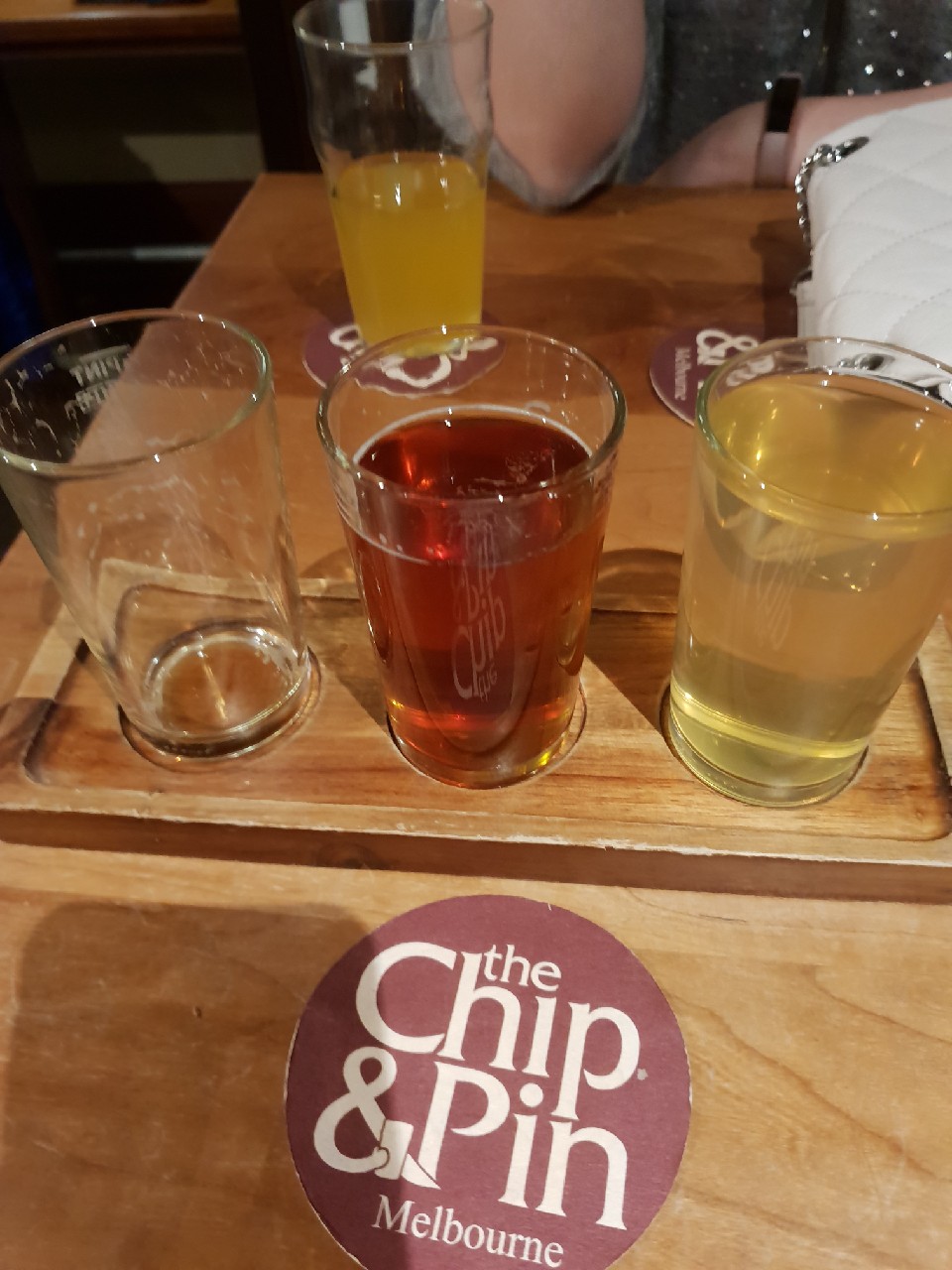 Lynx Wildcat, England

--

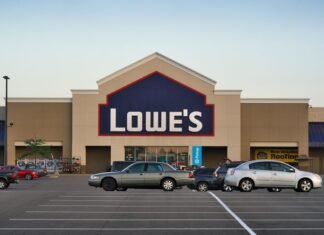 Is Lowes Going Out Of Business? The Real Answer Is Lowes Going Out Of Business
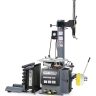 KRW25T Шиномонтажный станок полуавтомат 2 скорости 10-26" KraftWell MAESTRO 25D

> **TASK DETAILS**: From the line containing "Is Lowes Going Out Of Business?" through the line containing "KRW25T Шиномонтажный станок", copy every line above exactly, without pictures.

> **ANSWER BELOW**:
 Is Lowes Going Out Of Business? The Real Answer Is Lowes Going Out Of Business
 KRW25T Шиномонтажный станок полуавтомат 2 скорости 10-26" KraftWell MAESTRO 25D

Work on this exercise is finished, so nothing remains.